Ruprecht Von Kaufmann "In the Street"

March 19, 2022

A punk crouches on the street watching passersby while glamorous young couples party and smoke cigarettes, and elderly aristocrats pose stiffly in an armchair. This latest series of paintings by German artist Ruprecht von Kaufmann offer intimate glimpses of the everyday, visualised in bright, textural gestures of paint punctuated by abrupt, violent marks of erasure. In the Street, the artist’s third solo exhibition with Kristin Hjellegjerde Gallery, takes inspiration from Otto Dix’s paintings from the 1920s which captured the Weimar Republic and its diverse, colourful characters from aristocrats and musicians to the homeless, and presents a vivid portrait of our fast, glittering, uncertain present.

 

In his work, Dix captured a time of global upheaval and change: Europe had evolved from primarily rural and aristocratic society into an industrialist society and was creaking under the strain of the competing forces of budding democracy, conservatism and totalitarianism.
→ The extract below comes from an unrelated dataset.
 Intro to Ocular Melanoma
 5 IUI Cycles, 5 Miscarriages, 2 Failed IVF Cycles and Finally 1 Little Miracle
Now, a hundred years on, von Kaufmann is painting our world with the same astute detail, but with a greater fluidity and dynamism that seems to capture the ephemerality, speed and instability of modern existence. His figures often appear in flux, blurred, incomplete and disjointed. As he says: “We can all feel that we are on the brink of very fundamental changes, from a carbon based-economy of manic growth to, well, we don’t quite know yet, do we?”